I tend to look for things in isolation and try to present them in such a way as to grab the attention of the viewer, then release them slowly for closer inspection of the setting and the context so the image reveals it’s story in an orderly and easily understood manner. Although it’s something I find natural to do, I rarely consider my work completely successful, and feel that it always falls short.

Photography was once a mystical process of chemicals and paper that revealed a World of hidden places and alternate realms both fascinating and intriguing to the viewer, and although it’s still possible to peek into a Nether World through the lens of a camera, the advent of camera phones and cheap compacts, appears to have made it much less likely than it used to be. Now it seems such snapshot takers understand little of what hides beyond the lens, and I have to wonder. Why.?

Is it that the experience of the dedicated photographer is better or different to that of the snap shot taker or the accidental image maker, those vernacular photographers that simply capture rather than compose.? Does an accidental image convey anything less than one designed or created, does it have less to offer than the artists impression, just another image without meaning along with all the other millions uploaded to the internet each day into the world of ‘Forgetable Photography’.

For me it’s more a case that the casual phone photographer has never understood what photography really is, rather than a case of having forgotten and on that basis they should be forgiven for believing themselves for being Photographers in the true sense of the word when they are clearly Not.
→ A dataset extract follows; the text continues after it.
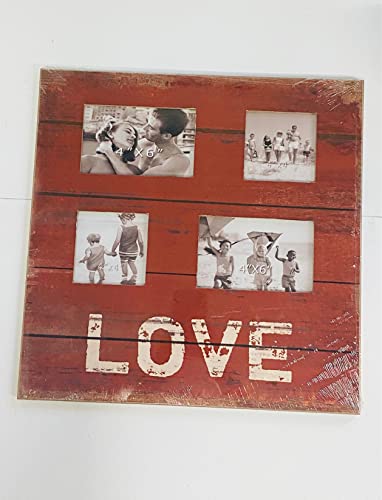 Friends Family Bilderrahmen für 4 Fotos, Holz, Strand-Finish, Rot Cover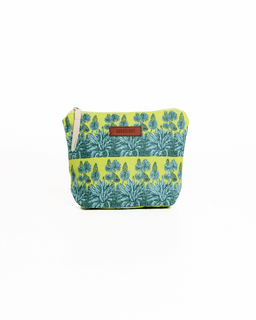 Green and yellow floral patterned pouch with a visible brand label on a white background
I don’t like to say this, but I’ll say it anyway… There is a difference and a very Big One at that. I don’t mean to diminish the efforts of budding young photographers by belittling their efforts or marginalizing people using phone cameras to take pictures of their lunch, it’s all valid in it’s own way, but it,s also enough that they exist and nothing more, for if we cannot not distinguish between the snapshot and created images of interest and importance, real photography would not exist. The distance between the casually represented and the intellectual creation is not just different as some would like us to believe, it is as far apart as the doodle from a Rembrandt, and to say that vernacular or accidental photography is as good as any is an overstatement of monumental proportions. A Camera is just a Camera and while it holds a unrivaled place in the world of expression, it is Not a Photographer Nor an Artist.

There’s a fanciful view that many holders of phone cameras now have, that it’s the camera that does the work and that they now have in their possession the secrets of photography, once only available to a privileged few that call themselves professionals, and they now own and control the World through the medium of photography and the internet. Comfortable as they may be with this misconception most of them are producing images that are at best inferior that may never see the light of day by anyone on screen or in print of any kind, even by themselves. Proof enough that as photographs they are significant only in that they produce something that exists, and nothing else.

If it were possible for someone to produce a photograph of worth or value without making any effort, would it not be fair to say that anyone owning a paintbrush and canvas could call themselves an, ‘Artist’ or someone with Pen & Paper an Author. Photography is by it’s very nature at least a craft or as some prefer to consider it, ‘Art’. I am of the opinion that it can be both and I rest my case on the matter there.

Digital photography may have made it easy for anyone to take an acceptable picture, but from the evidence it’s clear that out of the staggering number of pointless images made everyday, that Cameras are nothing more than recorders of objects and events and Photography is very much something else, something beyond the obvious, above the mediocre, something that brings together Objects, Moments & Mood in a way no other medium can, and I for one am glad that it’s still Alive and Kicking, perhaps not shared or fully understood by the complying masses but none the less in my view still unique and just as Important now as the day the very first picture was taken.

Of course only a ‘True Photographer’ would know this, which is why everyone else and his dog out there, in La La Land, pointing their cameras are not just self appointed critics, but self appointed experts on ‘What Photography Really Is’.